Meet the artists: Genevieve Felix Reynolds

Meet the artists: Genevieve Felix Reynolds

Genevieve Felix Reynolds, 2026. Photo by Luana Rigolli
Genevieve Felix Reynolds, 2026. Photo by Luana Rigolli

National Art School, Sydney Resident Genevieve Felix Reynolds (April – June 2026) reflects on her residency and her research at the BSR in a new blog.

A photograph is silent: its integral meaning is only what can be inferred by the viewer. Barthes describes this muteness as potentially tragic to some, and poetic to others.
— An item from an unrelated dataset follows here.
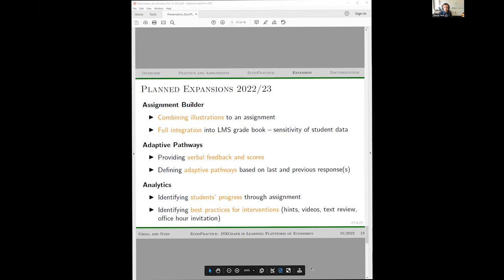The next step is building assignments that collect illustrations and get combined scores from the gradebook. We're also working on adaptive pathways — defining the order illustrations are presented based on students' last response or history of responses, and identifying students who are rushing through assignments. We want to build analytics for this, distinguishing anonymous off-campus data from student data on campus, and use those analytics to understand best practices for interventions for research purposes.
In books and museums, images are anchored by captions or catalogue entries, but I find these unable to fully account for the complexities they seek to contain, often revealing partial truths and unresolved residues.

Composition in red and grey (reprieve), 2026, 150 x 150 cm, oil and polymer on hessian

I’ve spent a lot of time in the archives with early photographic collections of archaeological objects and architecture (in particular, Agnes and Dora Bulwer’s documentation of ancient Rome and its surrounds, and art historian Eugénie Strong’s carefully retouched documentation of sculptural fragments). I’ve looked at them for both what they record and for what they have become: physical objects generated by specific technologies and customs, often faded or foxed by time.

Study of brick (Tuğrul Tower, Poelzig's sulphuric acid factory), 2026, polymer on aluminium composite, 98 x 112 cm

100 years ago, Aby Warburg proposed that the arrangement of images could be a form of knowledge itself, relationally and psychologically generative. Today, his Mnemosyne Atlas project feels like an ancestor to the screen.  I’m interested in what happens when meaning is built from both combination and dissonance, as it is in psychological space, like memory, dreams, and (more often than not) online.

 

In Rome, this instinct is old and everywhere. The city is an archive full of archives: private and public museums, spolia, overbuilt churches, time-collaged floors. Piranesi and Panini impressed this upon their contemporaries via fantastical spaces and near boundless architecture.

Genevieve Felix Reynolds, Luciferin, polymer wall mural, 300 x 420 cm (image: David Chatfield)

My practice synthesises fragments in the same spirit, flattening images and artefacts into compositions where objects find meaning through proximity, disparity or isomorphic relationships. During my time here I’ve been expanding this collage approach into digital space using game design software. I’ve collected architectures built from marbles and patterns photographed in Rome, and I’m populating this with a borrowed collection of my own, assembled from photographs and 3D scans. The archives hold far more than a few months could exhaust, and every fragment I photograph or scan opens onto others, so the collection grows past any edge I try to set for it. I expect the material gathered here – images, marbles, patterns, scanned ruins – to feed my practice for many years.

Building a virtual space is an attempt to unfold my paintings and give them depth. The historical artefacts here are characterised by the errors of their medium: fragmented digitally as well as sculpturally. Navigated by a disembodied, floating viewer, space is limitless in a way that opposes the picture frame. Its contents are loosened in the same way: objects sit at impossible scales, hollow, doubled or weightless. RIP Piranesi – you would have loved video game space.